For easier reading the structs look like:

typedef struct Node
{
    char letter;
    int frequency;
    struct Node *next;

}node;

typedef struct pqueue
{
    node *head;

}pqueue;

typedef struct tree
{
    struct tree *left;
    struct tree *right;
    char letter;
    int frequency;
}tree;
Finlandia_C
  • 385
  • 6
  • 19

2 Answers2

1

I do not understand why you create so many arrays and then using them create new nodes again. I think this could be easily done by modifying the structure of Node.
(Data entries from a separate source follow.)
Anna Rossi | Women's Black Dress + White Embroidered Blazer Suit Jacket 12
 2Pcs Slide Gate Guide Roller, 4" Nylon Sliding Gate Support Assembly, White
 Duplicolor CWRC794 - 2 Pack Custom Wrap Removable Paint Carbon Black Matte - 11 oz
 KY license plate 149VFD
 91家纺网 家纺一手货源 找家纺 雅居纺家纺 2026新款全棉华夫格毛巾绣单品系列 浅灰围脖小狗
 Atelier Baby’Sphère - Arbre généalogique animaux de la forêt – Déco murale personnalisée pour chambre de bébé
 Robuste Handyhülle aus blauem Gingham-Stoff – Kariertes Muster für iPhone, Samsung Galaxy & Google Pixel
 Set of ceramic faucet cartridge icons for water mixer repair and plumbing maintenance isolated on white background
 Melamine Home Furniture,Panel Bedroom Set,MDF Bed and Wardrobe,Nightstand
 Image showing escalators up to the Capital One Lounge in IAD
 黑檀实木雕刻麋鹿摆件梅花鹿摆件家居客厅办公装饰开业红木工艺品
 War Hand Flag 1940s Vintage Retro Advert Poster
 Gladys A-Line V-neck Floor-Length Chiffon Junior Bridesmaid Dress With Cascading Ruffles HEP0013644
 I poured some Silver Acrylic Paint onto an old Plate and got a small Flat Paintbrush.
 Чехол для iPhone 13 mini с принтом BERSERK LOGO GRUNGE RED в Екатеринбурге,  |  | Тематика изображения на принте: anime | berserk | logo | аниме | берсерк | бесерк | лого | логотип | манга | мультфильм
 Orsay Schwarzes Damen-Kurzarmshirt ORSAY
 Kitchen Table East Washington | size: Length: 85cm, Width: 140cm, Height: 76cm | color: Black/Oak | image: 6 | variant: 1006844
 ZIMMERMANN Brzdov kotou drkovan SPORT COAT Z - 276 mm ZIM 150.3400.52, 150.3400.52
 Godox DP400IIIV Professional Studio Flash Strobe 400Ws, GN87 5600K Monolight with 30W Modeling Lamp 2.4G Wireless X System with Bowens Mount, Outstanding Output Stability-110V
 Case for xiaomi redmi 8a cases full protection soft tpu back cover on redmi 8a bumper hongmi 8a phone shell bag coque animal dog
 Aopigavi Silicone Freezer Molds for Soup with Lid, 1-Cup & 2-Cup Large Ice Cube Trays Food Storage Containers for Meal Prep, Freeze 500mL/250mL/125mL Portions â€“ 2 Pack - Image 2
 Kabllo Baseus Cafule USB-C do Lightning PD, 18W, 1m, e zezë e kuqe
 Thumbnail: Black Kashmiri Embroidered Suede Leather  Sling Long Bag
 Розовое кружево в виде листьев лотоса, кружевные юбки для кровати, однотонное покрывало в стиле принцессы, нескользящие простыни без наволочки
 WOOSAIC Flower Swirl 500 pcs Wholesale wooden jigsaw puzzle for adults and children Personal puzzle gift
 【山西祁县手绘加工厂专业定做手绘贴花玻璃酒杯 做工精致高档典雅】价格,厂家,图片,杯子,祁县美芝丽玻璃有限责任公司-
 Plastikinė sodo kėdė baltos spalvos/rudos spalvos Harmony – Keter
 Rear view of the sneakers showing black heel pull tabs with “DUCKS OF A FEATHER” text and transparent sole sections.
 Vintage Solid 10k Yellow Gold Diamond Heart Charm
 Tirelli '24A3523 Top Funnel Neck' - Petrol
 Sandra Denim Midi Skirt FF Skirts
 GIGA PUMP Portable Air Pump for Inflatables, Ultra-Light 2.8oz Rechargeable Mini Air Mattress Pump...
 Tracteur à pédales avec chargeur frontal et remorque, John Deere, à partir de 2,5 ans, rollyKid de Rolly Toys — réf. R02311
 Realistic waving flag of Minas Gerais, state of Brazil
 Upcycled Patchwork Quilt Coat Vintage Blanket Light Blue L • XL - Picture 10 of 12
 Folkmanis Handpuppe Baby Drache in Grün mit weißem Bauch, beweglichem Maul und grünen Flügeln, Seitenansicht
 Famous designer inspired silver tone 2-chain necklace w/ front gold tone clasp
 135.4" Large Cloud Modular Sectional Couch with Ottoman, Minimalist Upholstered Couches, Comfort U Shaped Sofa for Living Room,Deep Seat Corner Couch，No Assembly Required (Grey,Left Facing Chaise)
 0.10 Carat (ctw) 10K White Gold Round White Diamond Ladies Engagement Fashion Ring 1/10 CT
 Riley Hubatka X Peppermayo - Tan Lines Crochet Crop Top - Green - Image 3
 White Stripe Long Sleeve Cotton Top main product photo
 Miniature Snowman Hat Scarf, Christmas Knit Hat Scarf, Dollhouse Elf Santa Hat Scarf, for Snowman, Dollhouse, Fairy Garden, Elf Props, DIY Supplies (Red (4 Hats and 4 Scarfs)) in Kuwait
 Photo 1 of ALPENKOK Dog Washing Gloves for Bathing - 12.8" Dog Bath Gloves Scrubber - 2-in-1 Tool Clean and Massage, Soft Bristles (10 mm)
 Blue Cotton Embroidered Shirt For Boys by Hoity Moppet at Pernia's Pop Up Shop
Something like this ::

typedef struct Node
{
    char letter;
    int frequency;
    struct Node *next;
    struct Node *left, *right;
}node;

So, you can do the following for forming a tree.

void huffman(plist *list) {
    while(1) {
        node *left = list->head;
        list->head = list->head->next;
        node *right = list->head;
        list->head = list->head->next;

        node *huffman = malloc(sizeof(node));
        huffman->frequency = left->frequency;
        huffman->left = left;
        huffman->right = right;
        huffman->next = NULL;

        if(list->head == NULL) {
            list->head = huffman;
            break;
        }
        insertHuffman(root, huffman);
    }
}

where your insertHuffman() would just insert the new node in the pList in sorted order. So, at the end you have just one node left in the tree, and then you can simply do a traversal to decide values at each node. You can definitely choose a better condition than while(1) which I used! :P I used it because that was the first thing that came to mind. And you would definitely be able to write insertHuffman() I believe.

EDIT::

void printHuffman(node *head, node *parent, char *a, int len) {
    if(head->left == NULL && head->right == NULL) {
        if(parent != NULL && parent->right == head) {
            cout << head->letter << " " << a << "1";
        } else if(parent != NULL && parent->left == head) {
            cout << head->letter << " " << a;
        }
    } else {
        a[len] = '0';
        printHuffman(head->left, head, a, len + 1);
        a[len] = '1';
        printHuffman(head->right, head, a, len + 1);
    }
}

I think this will print the values of the Huffman of every character.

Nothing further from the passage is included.